In the listing below, count the lines with "Chapter" and report only the figure.
————
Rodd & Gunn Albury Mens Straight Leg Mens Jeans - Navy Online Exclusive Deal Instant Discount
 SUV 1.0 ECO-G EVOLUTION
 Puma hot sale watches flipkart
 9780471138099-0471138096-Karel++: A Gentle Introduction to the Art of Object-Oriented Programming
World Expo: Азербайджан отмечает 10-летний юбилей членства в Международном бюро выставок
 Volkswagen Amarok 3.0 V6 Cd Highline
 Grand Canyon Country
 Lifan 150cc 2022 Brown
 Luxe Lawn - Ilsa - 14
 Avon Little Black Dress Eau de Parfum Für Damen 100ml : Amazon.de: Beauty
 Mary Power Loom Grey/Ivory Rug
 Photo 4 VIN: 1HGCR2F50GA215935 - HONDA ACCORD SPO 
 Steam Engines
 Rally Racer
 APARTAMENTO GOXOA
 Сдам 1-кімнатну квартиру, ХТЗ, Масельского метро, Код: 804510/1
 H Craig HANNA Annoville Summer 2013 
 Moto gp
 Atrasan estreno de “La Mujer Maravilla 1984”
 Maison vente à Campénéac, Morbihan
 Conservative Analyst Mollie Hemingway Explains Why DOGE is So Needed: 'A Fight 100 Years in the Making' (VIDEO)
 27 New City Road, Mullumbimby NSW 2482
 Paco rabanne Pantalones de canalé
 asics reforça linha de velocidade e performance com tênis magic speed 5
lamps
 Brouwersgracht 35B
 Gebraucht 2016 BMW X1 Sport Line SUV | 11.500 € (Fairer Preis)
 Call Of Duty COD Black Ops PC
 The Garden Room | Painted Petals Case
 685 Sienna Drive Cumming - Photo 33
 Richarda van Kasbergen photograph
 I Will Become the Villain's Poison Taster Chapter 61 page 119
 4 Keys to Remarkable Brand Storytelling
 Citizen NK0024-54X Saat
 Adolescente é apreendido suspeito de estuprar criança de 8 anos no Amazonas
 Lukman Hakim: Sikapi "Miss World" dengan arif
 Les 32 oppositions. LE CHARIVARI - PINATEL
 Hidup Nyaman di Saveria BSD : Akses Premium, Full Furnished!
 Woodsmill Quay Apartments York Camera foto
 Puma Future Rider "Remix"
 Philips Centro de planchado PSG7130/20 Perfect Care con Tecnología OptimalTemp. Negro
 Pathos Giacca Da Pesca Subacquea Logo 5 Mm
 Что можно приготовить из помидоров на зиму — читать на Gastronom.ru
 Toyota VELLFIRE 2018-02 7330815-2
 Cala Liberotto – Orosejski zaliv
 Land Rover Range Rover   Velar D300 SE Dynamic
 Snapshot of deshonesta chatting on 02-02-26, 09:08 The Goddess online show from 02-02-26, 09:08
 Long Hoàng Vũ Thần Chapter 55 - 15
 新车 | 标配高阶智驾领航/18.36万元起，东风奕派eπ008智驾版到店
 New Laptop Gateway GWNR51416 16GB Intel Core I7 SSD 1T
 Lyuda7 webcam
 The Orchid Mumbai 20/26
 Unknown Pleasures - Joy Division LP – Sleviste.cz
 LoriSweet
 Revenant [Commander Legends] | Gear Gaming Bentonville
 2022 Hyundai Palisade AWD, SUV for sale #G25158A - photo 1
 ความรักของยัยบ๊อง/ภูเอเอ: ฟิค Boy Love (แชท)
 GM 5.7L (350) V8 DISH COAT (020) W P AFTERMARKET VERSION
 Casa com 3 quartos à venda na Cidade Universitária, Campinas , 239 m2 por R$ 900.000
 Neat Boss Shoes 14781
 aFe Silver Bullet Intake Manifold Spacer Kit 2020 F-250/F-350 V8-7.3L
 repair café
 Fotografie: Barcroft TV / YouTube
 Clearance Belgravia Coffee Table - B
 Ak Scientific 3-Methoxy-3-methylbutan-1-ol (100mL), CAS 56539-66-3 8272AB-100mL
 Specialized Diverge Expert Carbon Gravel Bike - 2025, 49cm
————
### EXPECTED OUTPUT
2